Al cabo, luego de admirar un buen rato el panorama que me rodea, emprendo la marcha hacia mi destino. Luego de un par de horas, tras atravesar la legendaria Quebrada sin mayores dificultades (mi cuerpo parece no fatigarse ahora que sé que me encuentro en el mundo de los sueños), arribo primero a la conocida localidad de Tres Cruces, para alcanzar luego el infame Puente del Diablo.
Muchas leyendas intentan determinar el porqué de su nombre. Y aunque la cuestión pueda no estar del todo clara en el mundo vigil, aquí, en el mundo de los sueños, la cuestión se hace evidente. Desde aquí, parado en un extremo del puente, puedo ver de forma muy clara —como he podido hacerlo siempre— al maléfico Zupay, sentado al otro extremo.
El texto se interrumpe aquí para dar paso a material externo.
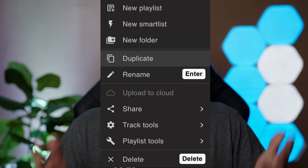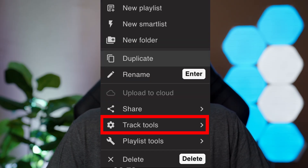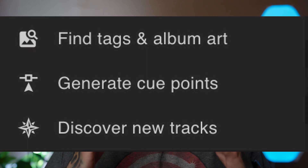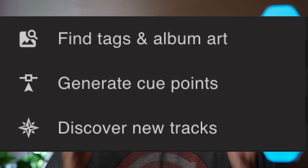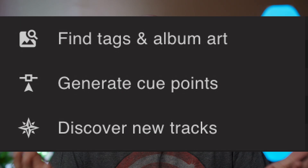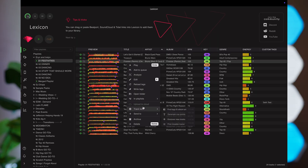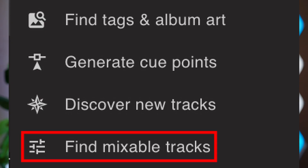When you right-click on a playlist, you also have access to the Track Tools submenu. This is how you edit your tracks in bulk — you can find tags and album art, generate cue points, or discover new tracks. You also have access to Track Tools when you right-click on an individual track, but you'll notice an extra option: Find Mixable Tracks. It's a tool that lets you scan your entire DJ library to find tracks that match the song you right-clicked on.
Y entre sus piernas yace dormido mi niño interior.
—¡Ya sabes cómo es la cosa! —me dice alzando la voz—. La última vez no respondiste bien a mi pregunta, y por eso no te permití regresar de nuevo a estas tierras. Pero ahora el castigo será mucho peor —se incorpora y sujeta a mi niño interior por el cuello, y lo levanta por sobre el puente, amenazando con dejarlo caer hacia el vacío—. Si no contestas correctamente esta vez, morirás, y me llevaré tu alma conmigo.
Acto seguido, el malvado Zupay formula de nuevo su pregunta. Pero no sé qué contestar, y me lamento por el hecho de no haber reflexionado sobre ella durante mi vida. No obstante, sé que, si no pude hacerlo, fue por culpa de él, del propio Diablo, que no me permitía recordar.
Zupay me pregunta por segunda vez. Y con lágrimas en los ojos contesto nuevamente: ¨no lo sé¨.
Zupay me pregunta de nuevo:
-—Si crees en Dios, entonces crees en los ángeles. Pero si eres un verdadero creyente, deberás decirme qué, o quienes, son esos dichosos ángeles.
Siento que comienza a dolerme el brazo. Me doy cuenta de que estoy sufriendo un infarto, y caigo de rodillas. Mis labios se mueven temblorosos, pues buscan reiterar la fatal respuesta que he venido dando hasta ahora.
Sin embargo, justo en el momento en que pretendo darme por vencido, mi niño interior, colgando del cuello sobre el risco, me mira fijamente a los ojos. Y entonces todo se vuelve claro para mí.
—Los ángeles son las personas que nos aman —respondo sin duda alguna—. Son los padres que dan la vida por sus hijos; son las madres que soportan tres trabajos para dar de comer a su familia; son los abuelos que cuidan a sus nietos para que los padres puedan estudiar o trabajar, aun cuando ellos ya están ancianos y cansados; son los amigos que están siempre con nosotros, en las buenas y en las malas; son los hermanos con los que hemos compartido nuestra vida. Somos nosotros mismos, cada vez que entregamos nuestro amor, cada vez que hacemos lo posible para que nuestros seres queridos, e incluso otras personas, sientan que la bondad todavía existe en este mundo, y que no hay que darse por vencido. Y mientas haya personas buenas, mientras haya bondad y fraternidad en este mundo, la magia de nuestros lugares más queridos, la magia de nuestro Norte, tierra de nuestra herencia, jamás desaparecerá. Y mientras exista su magia también existirá, ahora y siempre, la Tierra de los Sueños.
Zupay no dice nada en un principio, todo es silencio. Pero de pronto estalla en un alarido lastimero, y se aleja con convulsiva rapidez, hasta que por fin se pierde tras las cumbres montañosas.
Mi niño interior, que había sido arrojado sobre el puente, corre hacia mí con ojos llenos de lágrimas; una emoción pura y plena lo invade. Nos hemos reencontrado. Y ahora que puedo soñar de nuevo, mis días de vejez serán dichosos como nunca antes lo han sido, pues viviré lo que me queda soñando, tal y como lo hacía cuando era niño. Y tengo la dicha de saber que, cuando llegue el día de sumirme en mi último sueño, todos mis ángeles me estarán esperando.